**Raw data:**
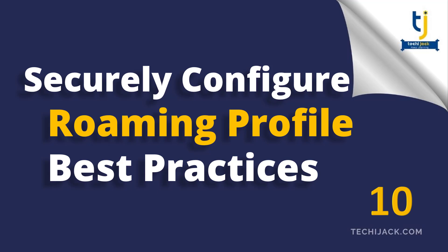Welcome to TechieJack. In this video, we will see how to securely configure the roaming profile for our domain users.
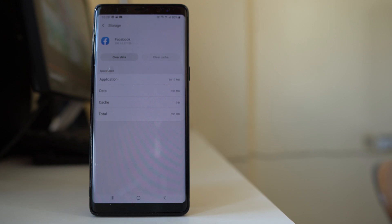Similarly, open the applications you use frequently and delete the cache files for those applications. This will also help you make some space free in your Android device. Do all of these things and you should be able to make space free in your Android device.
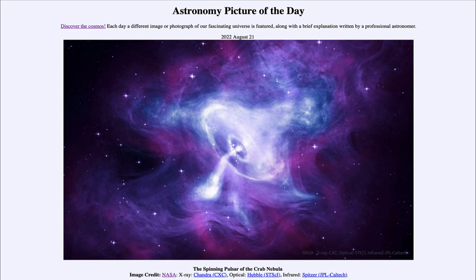So that was our picture of the day for August 21st of 2022, titled 'The Spinning Pulsar of the Crab Nebula.' We'll be back again tomorrow for the next picture, previewed to be 'Climate Spiral.' We'll see what that's about tomorrow, and until then, have a great day everyone — I will see you in class.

**Task description:**
Repeat the material verbatim. Do not carry over any picture.

**Your solution:**
Welcome to TechieJack. In this video, we will see how to securely configure the roaming profile for our domain users.
Similarly, open the applications you use frequently and delete the cache files for those applications. This will also help you make some space free in your Android device. Do all of these things and you should be able to make space free in your Android device.
So that was our picture of the day for August 21st of 2022, titled 'The Spinning Pulsar of the Crab Nebula.' We'll be back again tomorrow for the next picture, previewed to be 'Climate Spiral.' We'll see what that's about tomorrow, and until then, have a great day everyone — I will see you in class.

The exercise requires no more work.